For those of us who grew up during the years when Ian Botham and David Gower were first establishing themselves and then growing to maturity together in the England team, the warm rush of nostalgia inspired by the increasingly distant memories of their greatest days can be often be difficult to resist. When one does let one’s thoughts stray to memories of those days, it’s remarkable how vivid they can be.
It would be nice to be able to say that I remember seeing Ian Botham play on my first visit to Lord’s in 1975, but, although Wisden reminds me that he was a member of the Somerset side which played Middlesex in the John Player League, my memories of the day are limited to the impressiveness of the ground and the torrential rain which interrupted play. Far clearer in the mind, though, is the way in which he revealed his gifts to the world two years later at Trent Bridge, when, during a compelling series, he marked his first day’s Test cricket by taking five Australian wickets for 74. In the manner which was later to become so familiar, Greg Chappell, fresh from a coruscating century in his country’s second innings at Old Trafford and once again looking firmly in the mood, played on to a short loosener at the start of Botham’s second spell in Test cricket, a prelude to the further scalps of Walters, Marsh, Walker and Thomson. The ability to take wickets with poor deliveries was a serendipitous habit which Botham was never to lose, but, in those days, Botham the bowler (his powerful and correct batting was to take a little longer to develop) was so much more: a young man with the strength of an Ox, a dynamic competitive temperament and the valuable ability to move the ball sharply through the air, the product of an action which was a model of technical excellence. While Botham went on to take five further wickets as England regained the Ashes at Headingley, David Gower, whose name I had first come across in 1976, was still establishing himself as a member of the Leicestershire side under Ray Illingworth. When they came together in the England side in 1978, an era to savour was about to begin.

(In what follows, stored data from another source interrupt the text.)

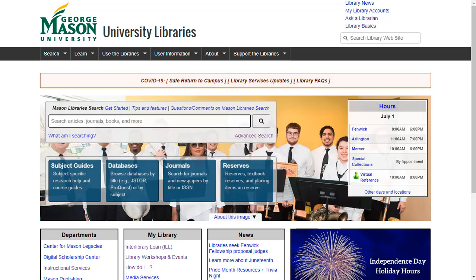There are a couple of different ways to get full text from Mason Search. Once you know what icons to look for, you'll know the steps to take to get the article you need.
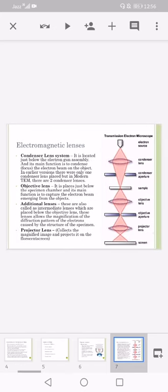Electromagnetic lenses: first of all, the condenser lens system which is located just below the electron gun assembly, and its main function is to condense the electron beam on the object. In earlier versions there were only one condenser lens, but in modern transmission electron microscope two condenser lenses are used.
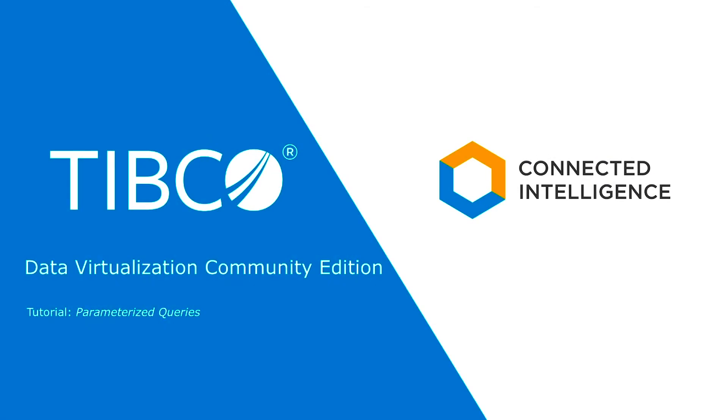Hello, and welcome to the demo series for TIBCO Data Virtualization, or TDV. In this demo, we demonstrate the use of parameterized queries.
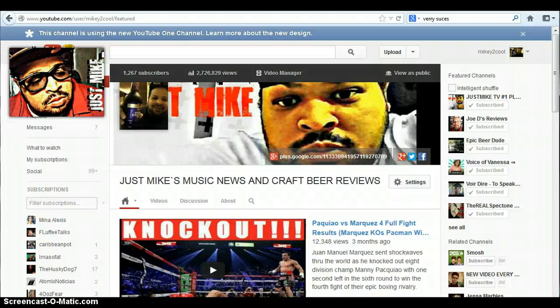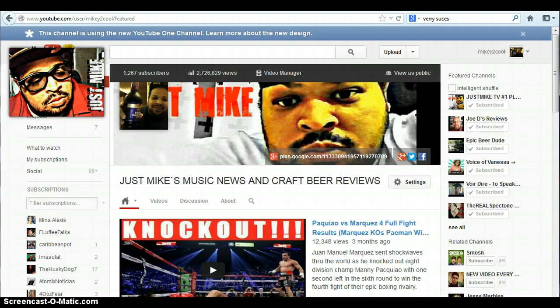We're back on another one with a quick tutorial for you guys. A lot of times people want to add people to their featured channel list, and with the new YouTube layout it's kind of different and a lot of people might not know how to do it. So really quick, I'm going to show you guys how to add a featured content creator to your featured channel list.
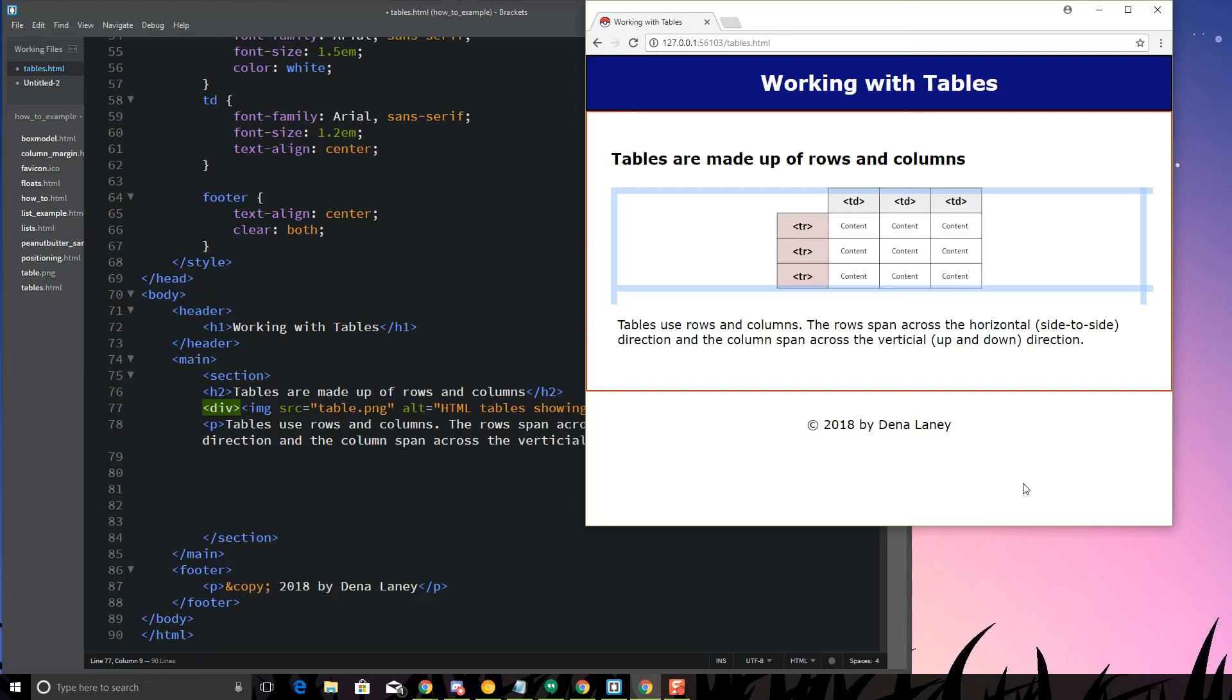Hi everyone, on this Code With Me session we're going to talk about tables, how to create tables in HTML5, and how to use CSS to style those tables.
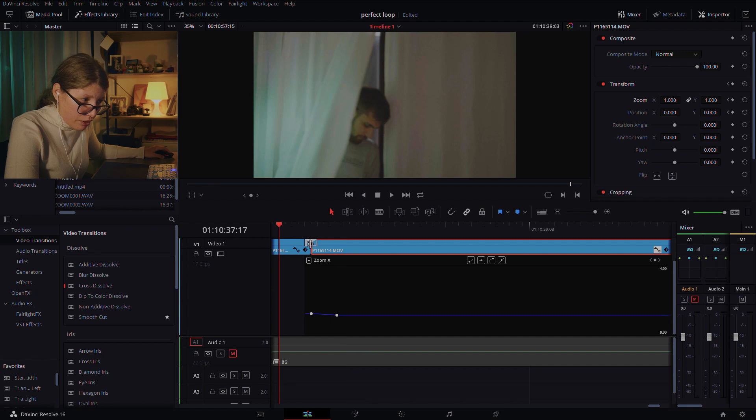This technique — if you want to check it out in a little more detail — is called cutting on action, cutting on motion, or as some people also like to call it, a match cut. So my tip for you at the end of this tutorial would be to just be creative.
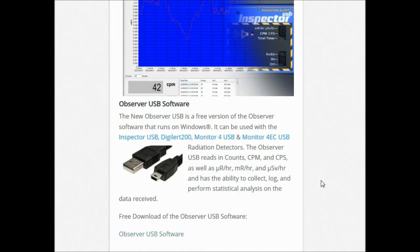You'll notice a little balloon pop up in your system tray letting you know that the USB is running. Once you have that installed, turn on your unit, wait for it to finish the power cycle, and then plug in the USB into the side.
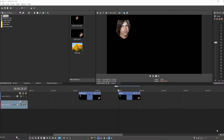Hello and welcome to this tutorial about the Bezier masking tool in the new Vegas Pro 16. I've had a few days to play around with it and I just wanted to go over what I've discovered and how you might be able to use it to create some cool stuff.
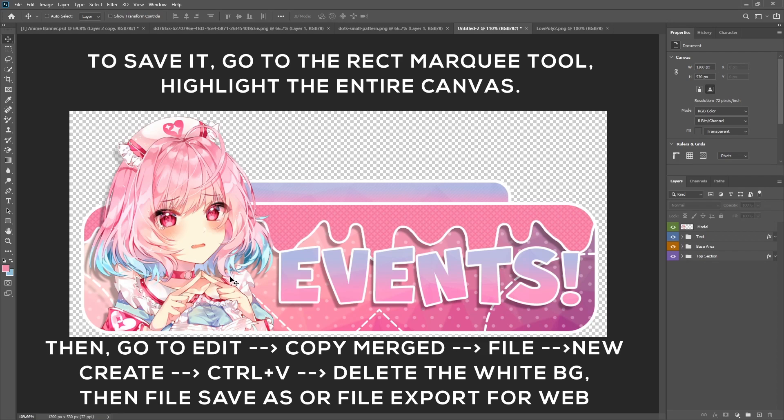I'll have all of these files available for you to download in the description along with a link to the font and the two different types of patterns that we use in this tutorial. Now this was pretty simple to make and I'll have on screen a link to another video with a tutorial that's similar to this and you've probably already seen it, but it's still another take on this kind of style. Thanks so much for watching and have an awesome day.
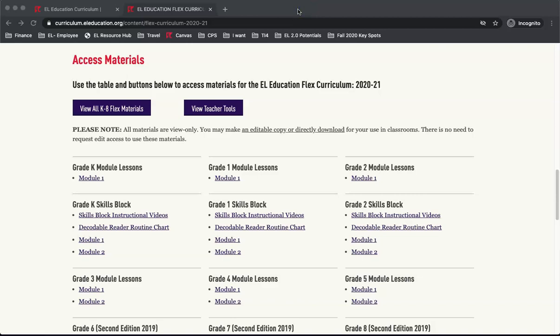This concludes the Flex Curriculum Materials screencast. I hope you are ready to dive in and use these new tools with your students. If you have any other questions, check our FAQ page or, for answers, email the Curriculum Feedback Team.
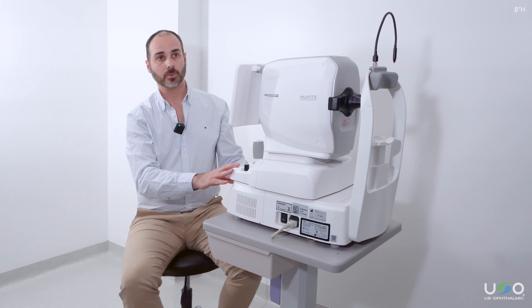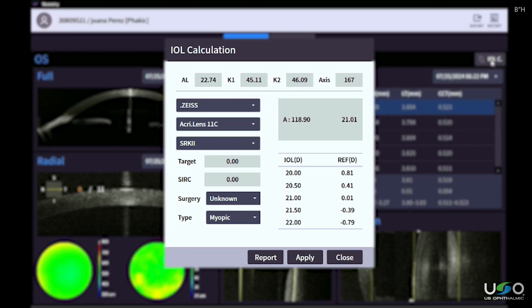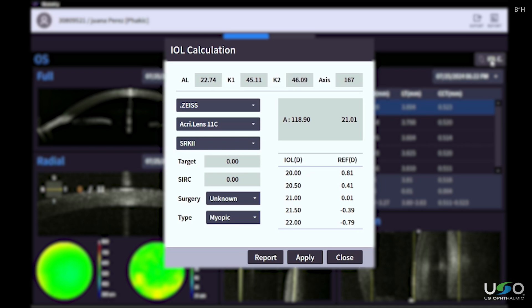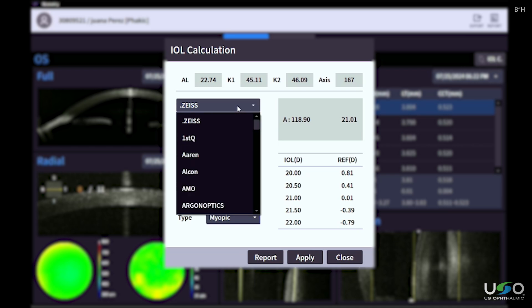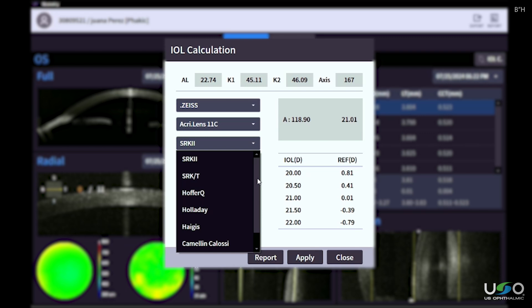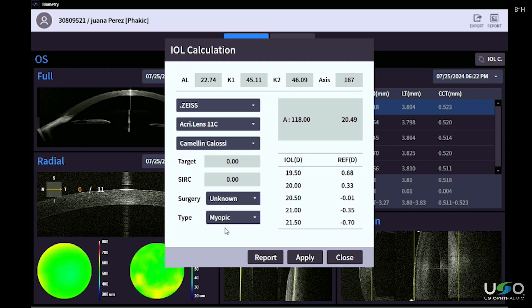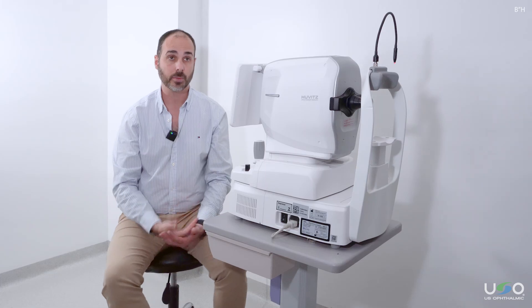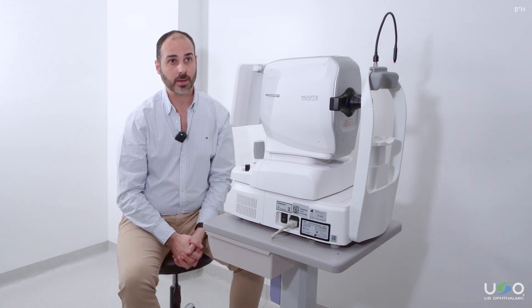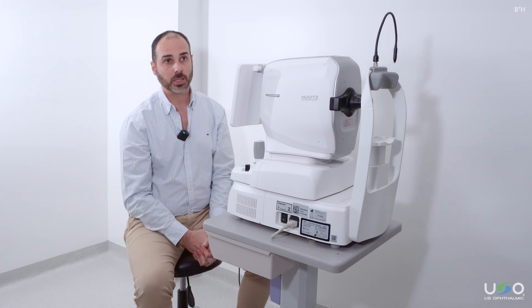Another important feature when doing the biometry analysis is that we can use the built-in calculator incorporated in the OCT. In this case, we have the measurements of the left eye — axial length, K1, K2, and the axis. We will be able to choose from multiple lens manufacturers and their models, as well as the formulas SRK2, SRKT, HoferQ, Holladay, Hygis, Camelin-Colosi, and Shamas. This way, we will be able to correctly choose the lens we want to use with the biometry. It is also important to clarify that if a lens is not in the updated database, we can add it manually, which is an important alternative for considering non-standard lenses.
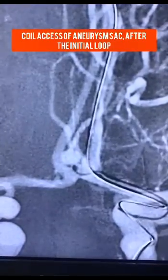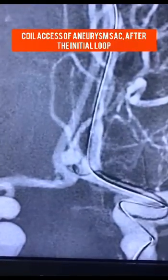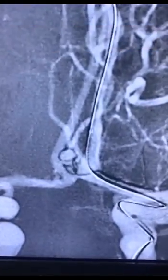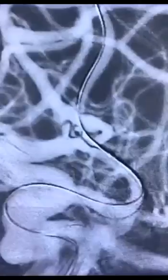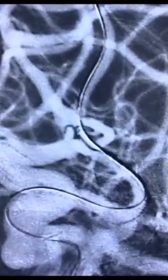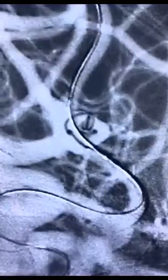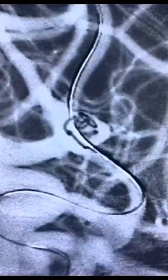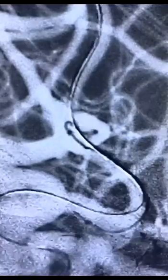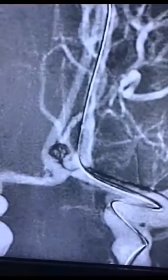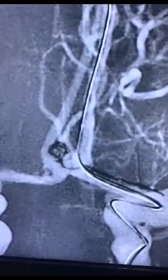Following that, the first coil was introduced. Although the first loop was outside the sac, further loops entered into the sac. The coil is then retrieved at such a time that the tip of the coil is within the sac, after which the coil is pushed further so that the rest of the loops are within the sac.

In his first season in the England side – which began with a pull for four at Edgbaston and took in a stylish maiden century against New Zealand at The Oval – David Gower often appeared too good to be true. Never before or since have I seen a batsman stand so still as the young Gower as the bowler approached, and, in spite of the charms of a number of players – among them Larry Gomes, Mohammed Azharuddin and Alec Stewart – who have come to prominence more recently, I still regard Gower as the best timer of the ball that I have ever seen.
At that point in their careers, the players’ characters – closely related to their contrasting backgrounds – made an interesting comparison. Botham the apparently unsophisticated Somerset boy with the herculean physique and confidence to match, Gower the evidently demure public schoolboy with a transparent sense of poise, both on and off the field. However, despite their differences, it was clear during that 1978 summer, as they cemented their places in the side, that a profound sense of personal and professional respect, founded on an obvious awareness of each other’s qualities, existed between the two. A particularly salient memory of that period is of Botham and Gower visiting John Arlott at his home in Alresford for a BBC programme about the events of that summer. As they strolled together in the garden, exchanging opinions about the season’s cricket, one felt that these were the players with whom the future of English cricket was certain to be most closely intertwined for a decade and more. It was additionally pleasing that they appeared to get on so well.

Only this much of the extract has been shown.